Extracting music style with probabilities
EPFL’s deep artificial composer avoids traditional music theory altogether. Each style of music has its own set of rules, and existing AI generated music often uses the Western musical language of harmony and counterpoint. In fact, the EPFL algorithm determines its own composition rules by extracting probability distributions from existing melodies using neural networks, requiring only the computation power of graphic cards that can speed up calculations by a factor of ten compared to standard computers.
The DAC extracts the style of the music by learning how a given piece of music transitions from one note to the next, and calculates the probability of the next note’s pitch and duration. The algorithm then trains on multiple scores of music, of any given style, in order to improve its ability to correctly predict the pitch and duration of the upcoming note.
Once the training is complete, which means that the predictive performance of the deep artificial composer has reached its target value, set at 50% successful pitches and 80% successful durations, it no longer needs to be trained and can be used to generate new melodies, one note at a time. The deep artificial composer builds a string of notes from beginning to end, including the very first note and the length of the composition, that resembles melodies of the dataset that was used for the training. Listen to a melody composed by the DAC based on Irish and Klezmer melodies and interpreted by Colombo on the cello.
Of course, the DAC can compose melodies before the training process is complete, but this leads to unconvincing melodies , even to the untrained ear. It can also be trained beyond the target value, but the generated pieces tend to resemble existing compositions. The DAC can also determine itself if the composition is original enough by comparing phrases of notes with existing patterns in its database of melodies. Similarly, the algorithm can determine the musical genre - Irish or Klezmer folk in this case - of the generated scores.

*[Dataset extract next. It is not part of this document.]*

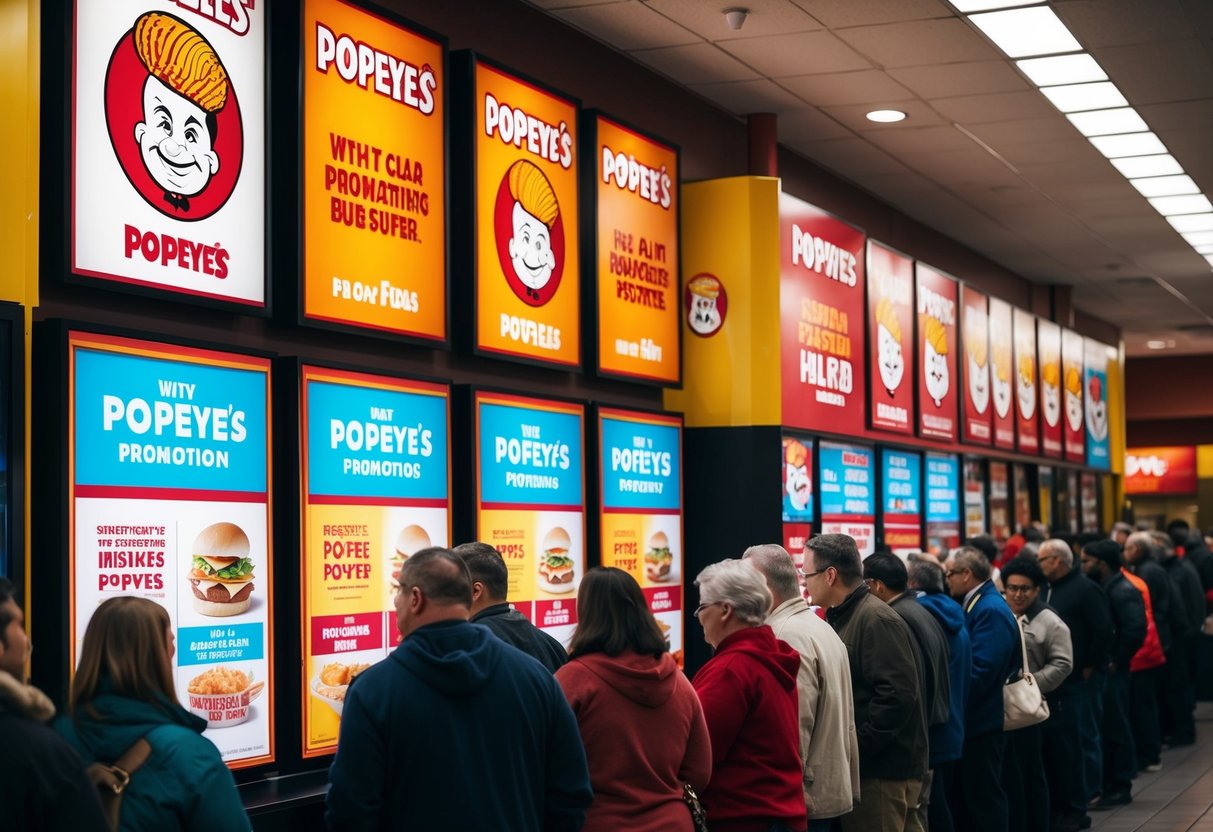 A colorful display of Popeyes promotion posters and banners, with a crowd of people lining up to inquire about the promotions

The generated music is not limited to Irish or Klezmer traditional folk music: any style of music could be used. It just so happens that many Irish and Klezmer melodies are already digitized and easily accessible.
Insight into the human brain
The computing power behind the artificial intelligence is an artificial neural network, known as ‘long short-term memory’ and invented twenty years ago at the IDSIA in Lugano. It has already proven useful for speech recognition and is widely used by the largest software companies like Google, Apple, and Microsoft.
‘The success of the deep artificial composer provides insight into how the human brain works,’ says Gerstner. ‘Neural networks with memory spanning different time scales are needed to successfully create music, implying that the ability of the human brain to retain information, even after a long period of time, is key to composing music.’
For Colombo and Gerstner, the work is preliminary since the DAC is limited to single voice compositions. In the long-run, Colombo hopes to generate a score for an entire orchestra.